### TASK INSTRUCTIONS
Below, find the line containing "the back seats" and the line containing "Vista lateral de"; reproduce exactly those two and every line between them, omitting pictures.
######
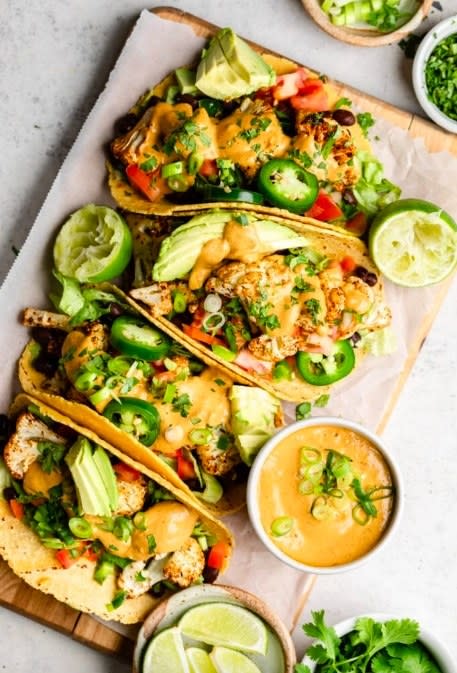 A row of cauliflower and black bean tacos stuffed to the brim with jalapeño slices, avocado slices, green onion slices, and topped with chipotle mayo.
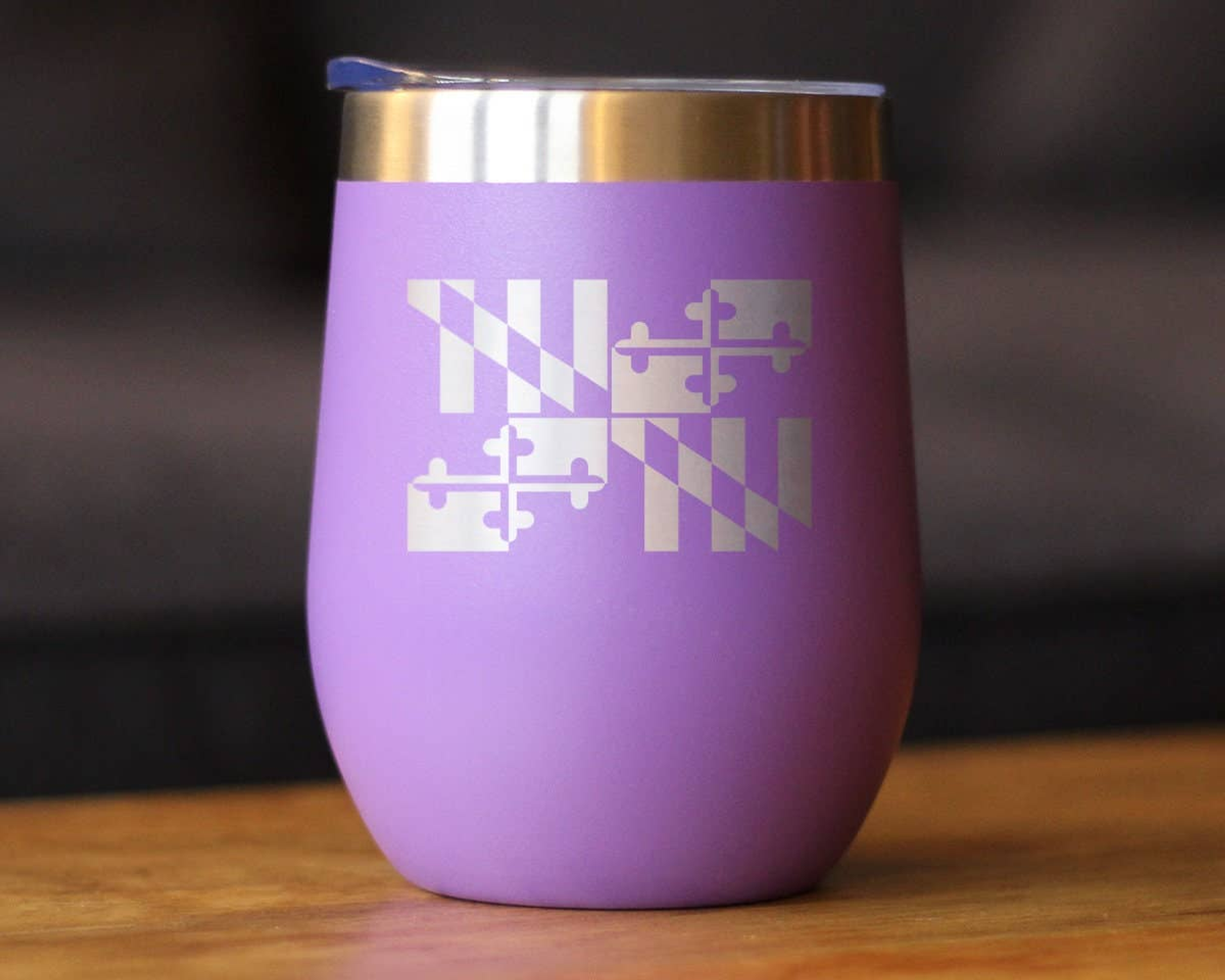 Purple insulated wine tumbler with etched Maryland emblem and stainless steel lid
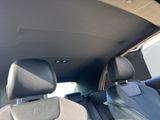 the back seats of a car with the sun shining through the window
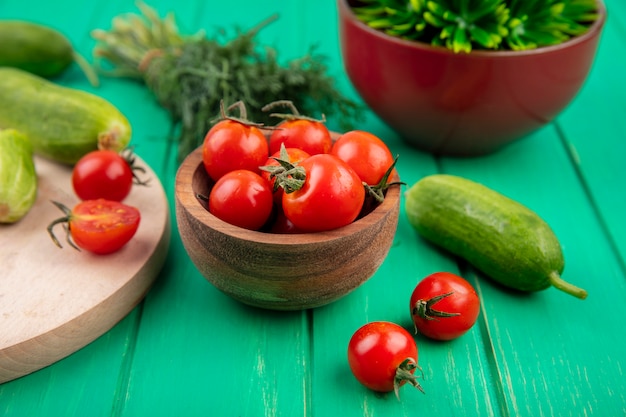 Vista lateral de tomates en un tazón y eneldo de pepino alrededor en verde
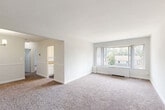 Located at 639 Sligo Ave in Silver Spring, MD, this 2-bedroom, 1-bathroom residence offers a well-organized single-floor layout designed for comfortable everyday living. The combined living and dining area serves as the heart of the home, featuring neutral carpet flooring, crisp white walls, and a large picture window that frames outdoor greenery and fills the space with natural light. A baseboard heating unit runs beneath the window, keeping the area functional year-round. The galley-style kitchen is efficiently designed with white cabinetry, granite-look countertops, hardwood-style flooring, a gas range, full-size refrigerator, and in-unit washer. A window above the sink brings in additional natural light. Both bedrooms are carpeted and bright, each featuring a dedicated closet — one with bifold doors and another with a walk-in style layout with shelving. The bedrooms offer quiet, comfortable retreats with natural light from individual windows. The full bathroom includes a soaking tub with shower, a white vanity with under-sink storage, and a window for ventilation. A hallway connects the rooms, and the unit offers a total of four closets for generous storage throughout. The entry area transitions from carpet to hard flooring, providing a practical foyer space.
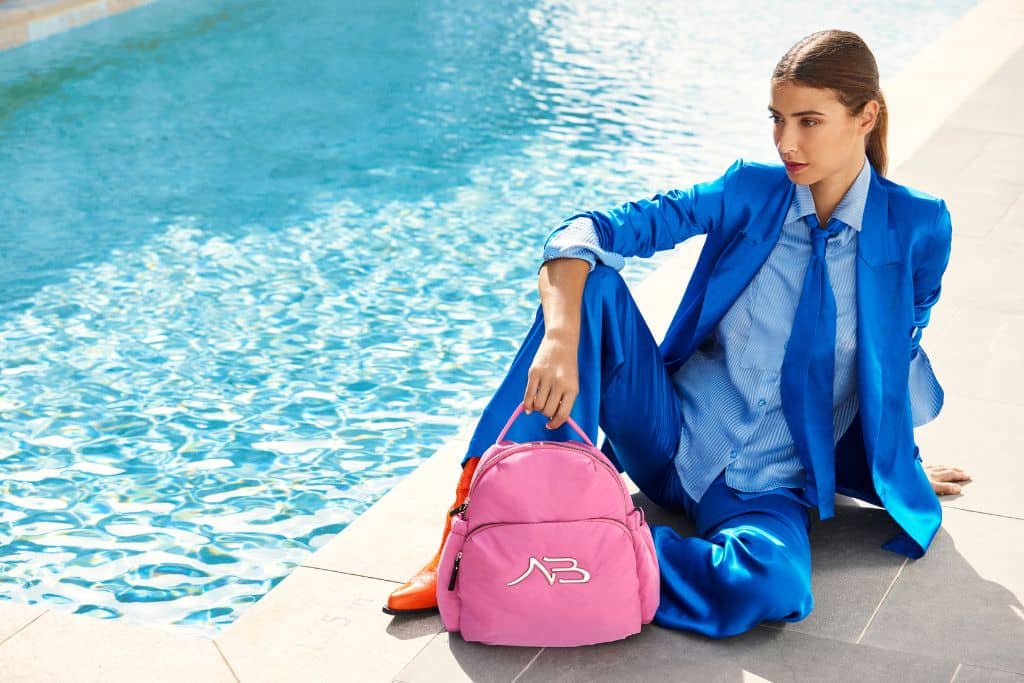 Mujer posa al lado de una piscina con una de las mochilas de Binnari.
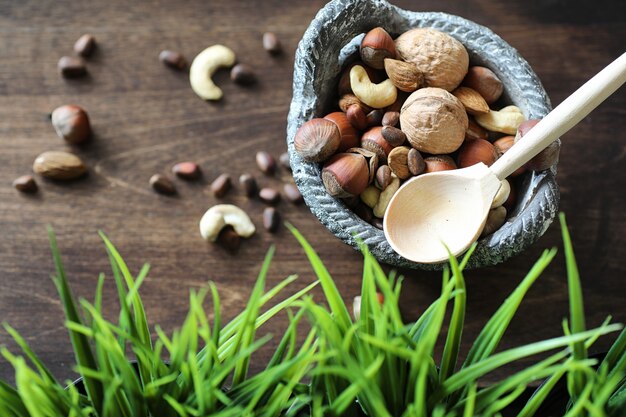 Diverses noix utiles et savoureuses sur une table en bois et des pots avec de l'herbe verte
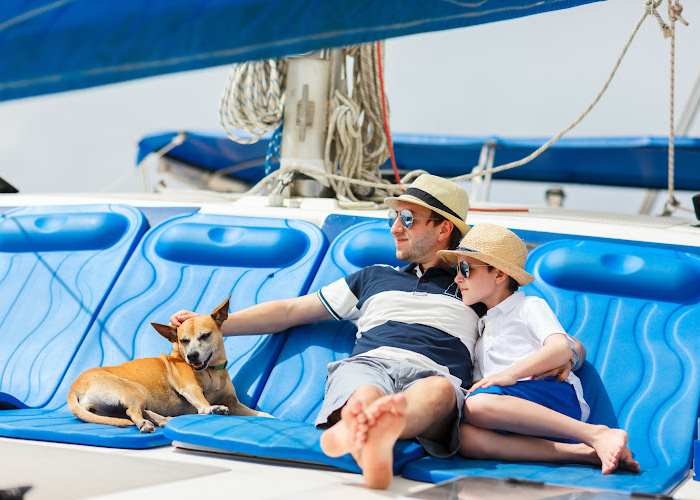 Two people and a small dog are sailing on a boat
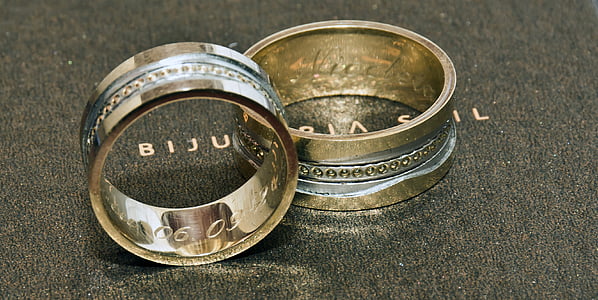 two gold-colored rings on gray surface thumbnail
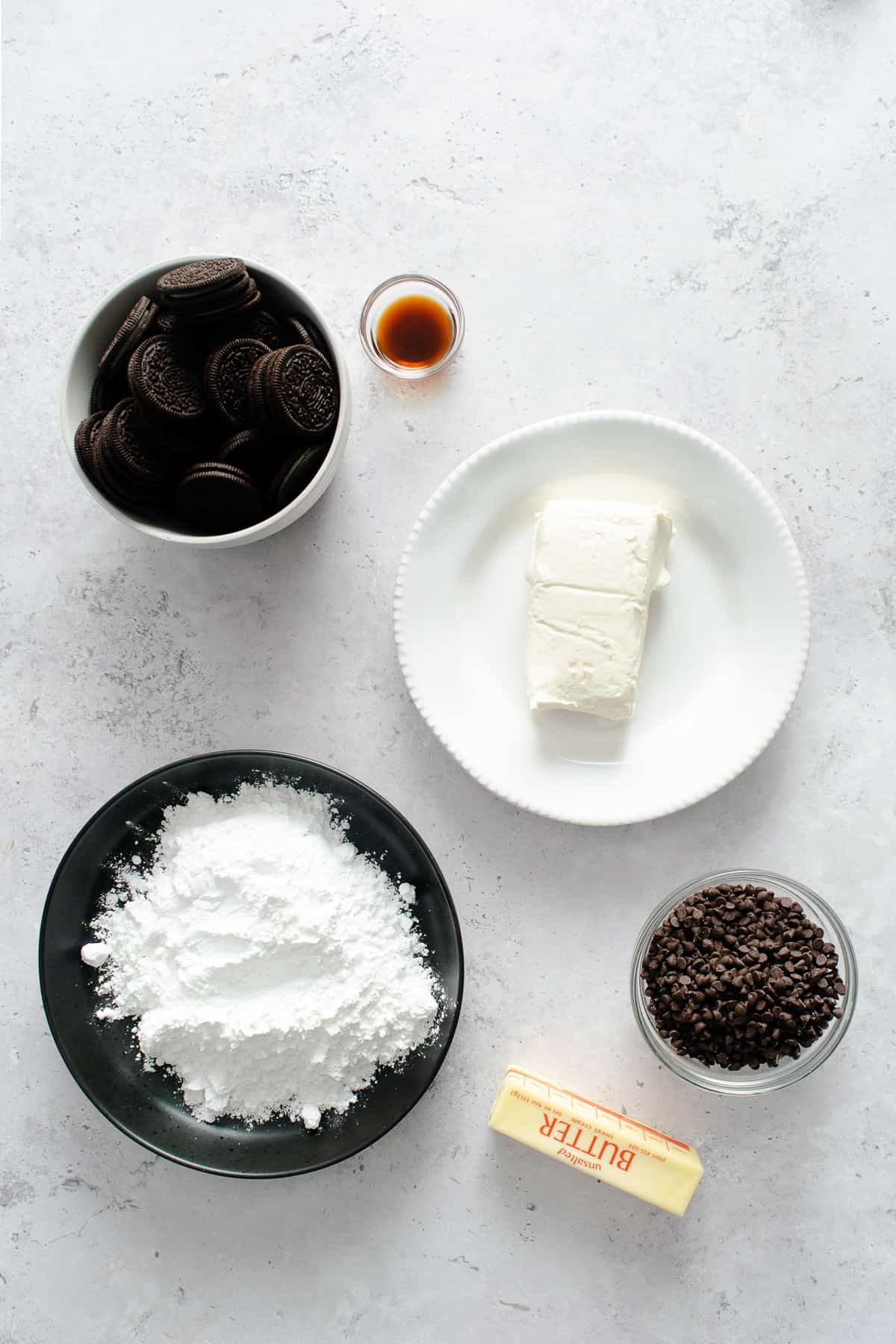 Ingredients for making a cookies & cream dessert cheese ball.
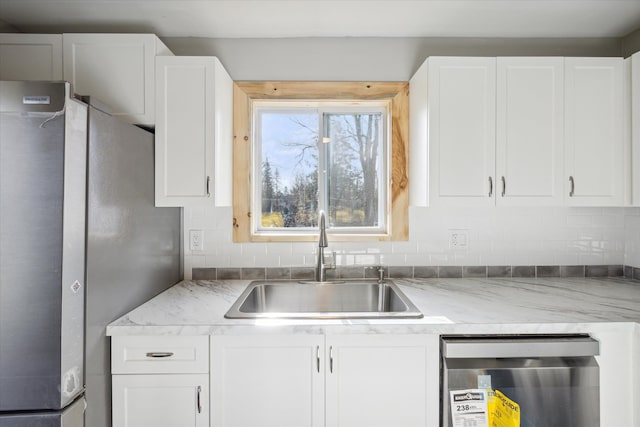 kitchen with stainless steel fridge, backsplash, dishwashing machine, sink, and white cabinetry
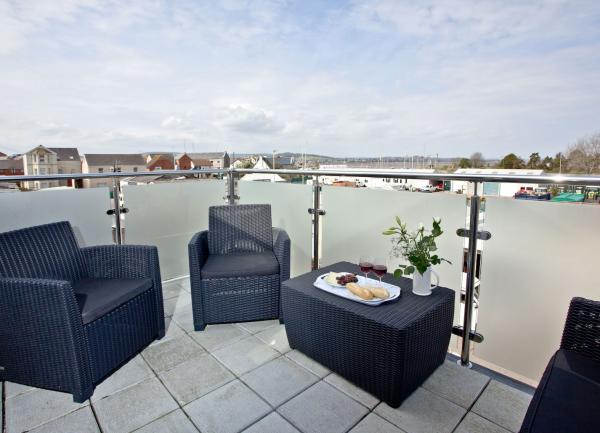 Outdoor easy chairs and table on an Exmouth roof terrace.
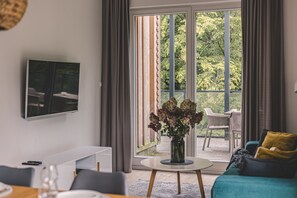 A modern living room with a flat-screen TV mounted on the wall, a white console table, a round coffee table, and a teal sofa with a yellow pillow.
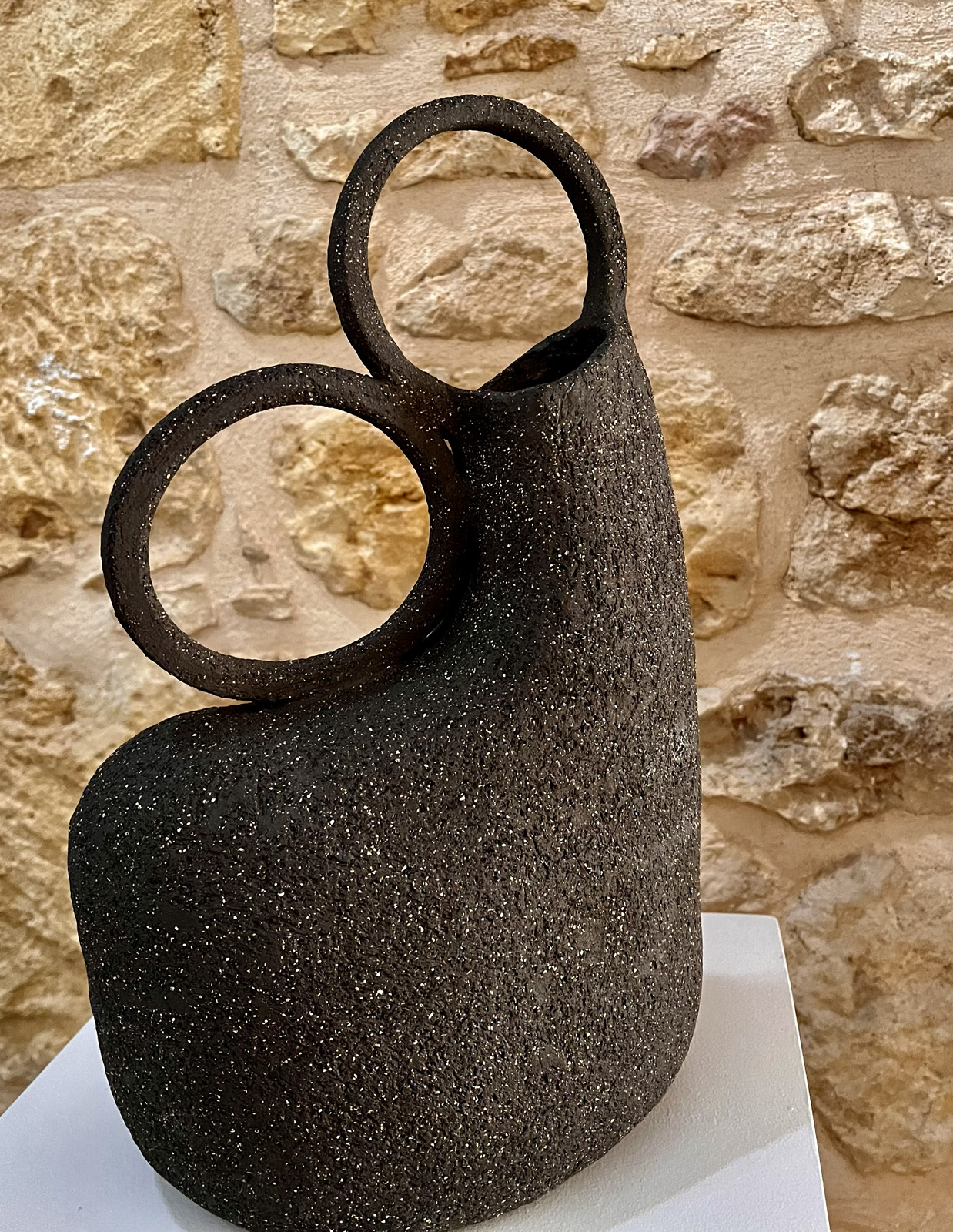 Vase sculptural en grès noir chamotté à deux anneaux vu sous un autre angle, mur de pierre en fond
######
### ANSWER FOR THE TASK
 the back seats of a car with the sun shining through the window
 Vista lateral de tomates en un tazón y eneldo de pepino alrededor en verde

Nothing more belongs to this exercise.